== Work task ==
Your answer should be the lines from the one with "Zuhanyfal Rea Flexi" to the end of the data below, both included, exact and free of pictures.

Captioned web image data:
'''

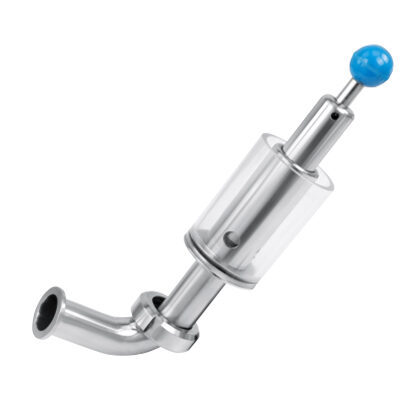 Válvula de dreno sanitária em aço inox 316L com visor de fluxo integrado, série PX-SGDV, para inspeção visual e segurança industrial
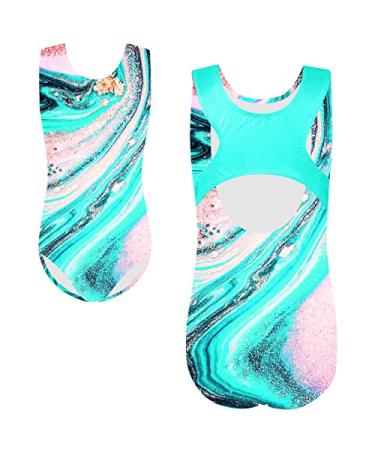 TFJH E Gymnastics Leotards for Girls Sparkle Athletic Clothes Activewear One-piece 8-9Years A Cyan Pink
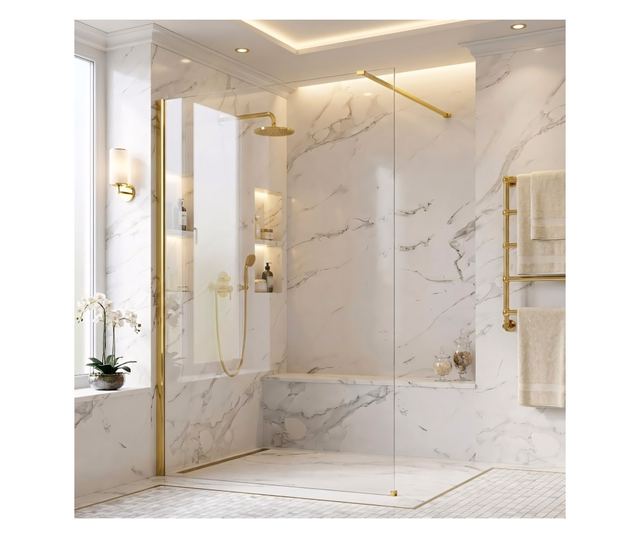 Zuhanyfal Rea Flexi Transparent 120 Arany 120X120X195CM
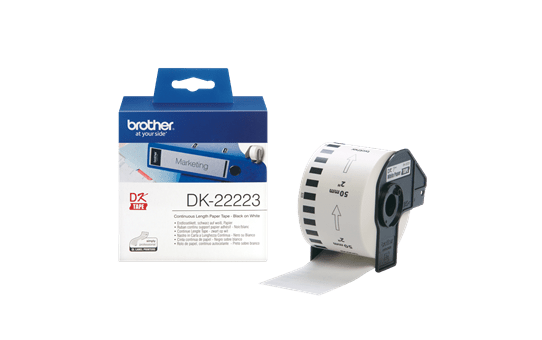 DK-22223 Continuous Paper Label Roll - Black on White - 50mm wide 3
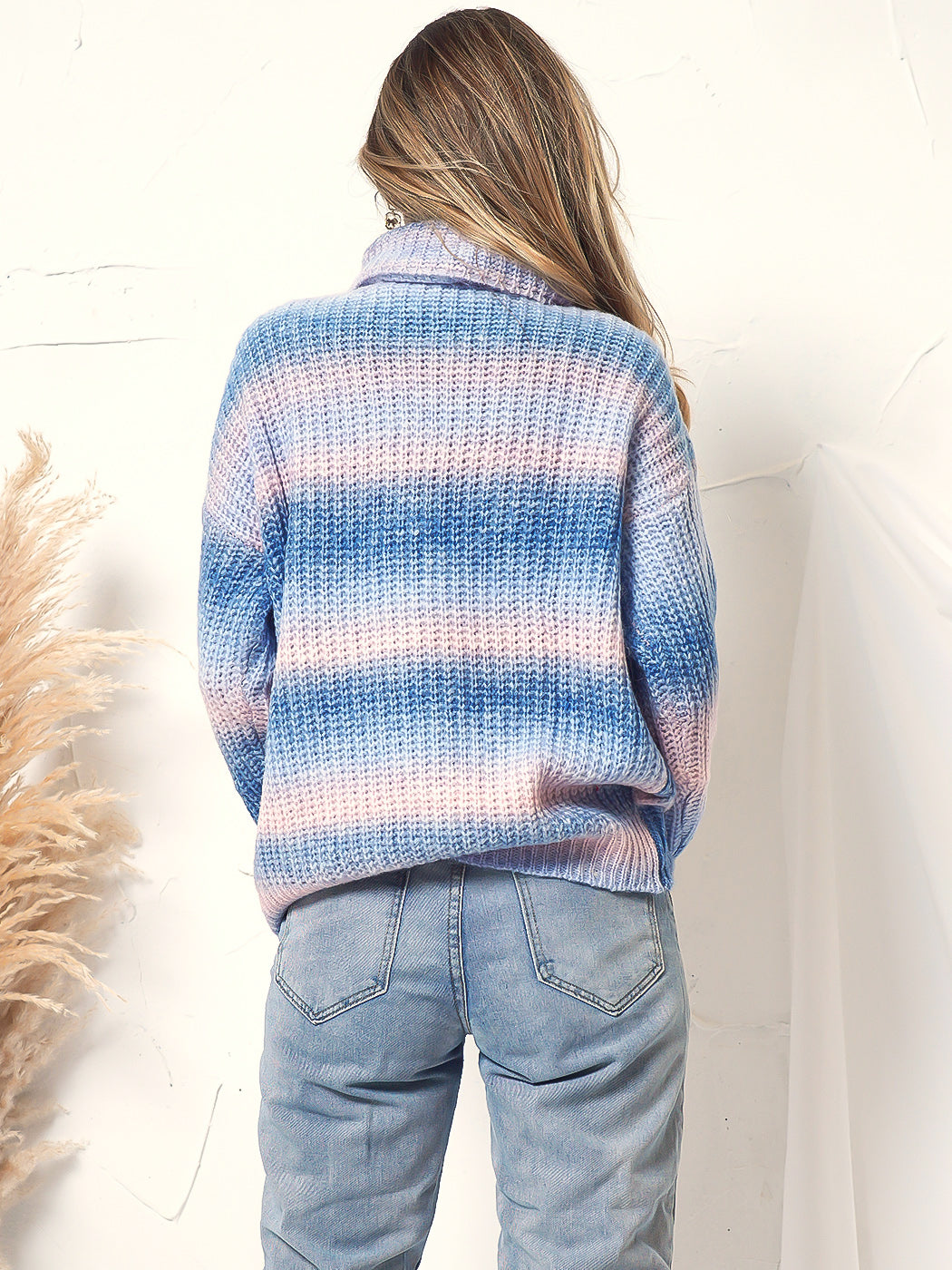 Tie Dye Cowl Neck Knit Sweater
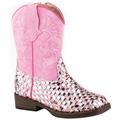 Roper Toddler Girls Glitter Square Toecowboy Western Cowboy Boots Mid Calf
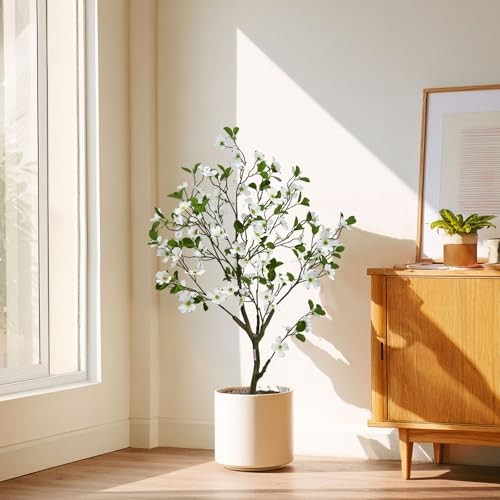 Artificial Dogwood Flower Tree Faux Blooming Dogwood Tree with Realistic 4ft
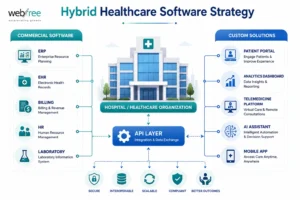 Hybrid healthcare software architecture combining commercial and custom applications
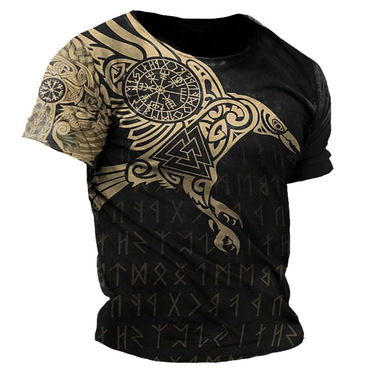 Men's Viking Vintage Eagle Chic Totem Digital Print Short Sleeved T-shirt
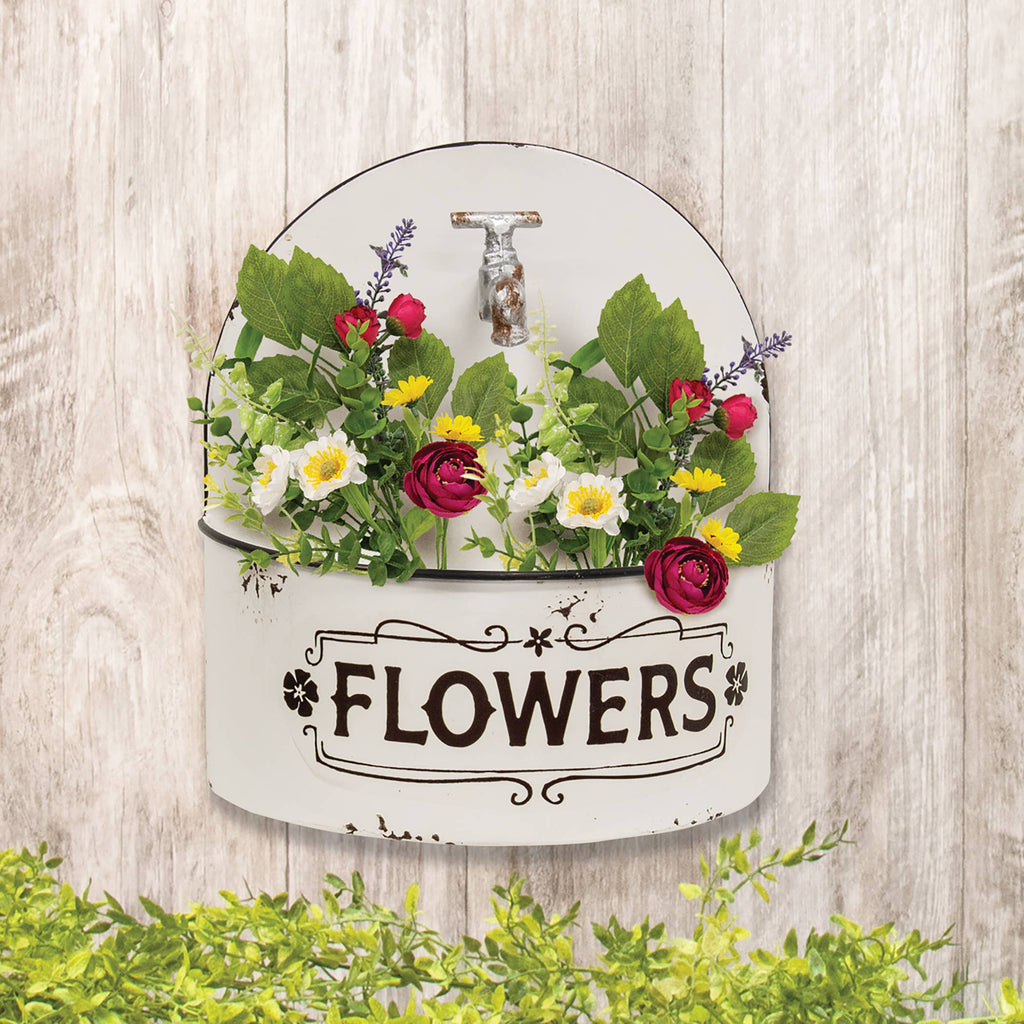 Distressed White Spigot Wall Planter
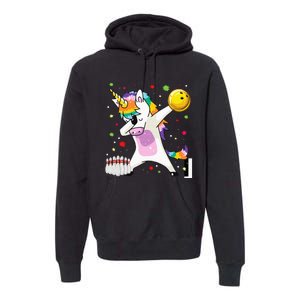 Dabbing Unicorn Bowling Funny Bowling Boy Girl Premium Hoodie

'''

== Completed exercise ==
 Zuhanyfal Rea Flexi Transparent 120 Arany 120X120X195CM
 DK-22223 Continuous Paper Label Roll - Black on White - 50mm wide 3
 Tie Dye Cowl Neck Knit Sweater
 Roper Toddler Girls Glitter Square Toecowboy Western Cowboy Boots Mid Calf
 Artificial Dogwood Flower Tree Faux Blooming Dogwood Tree with Realistic 4ft
 Hybrid healthcare software architecture combining commercial and custom applications
 Men's Viking Vintage Eagle Chic Totem Digital Print Short Sleeved T-shirt
 Distressed White Spigot Wall Planter
 Dabbing Unicorn Bowling Funny Bowling Boy Girl Premium Hoodie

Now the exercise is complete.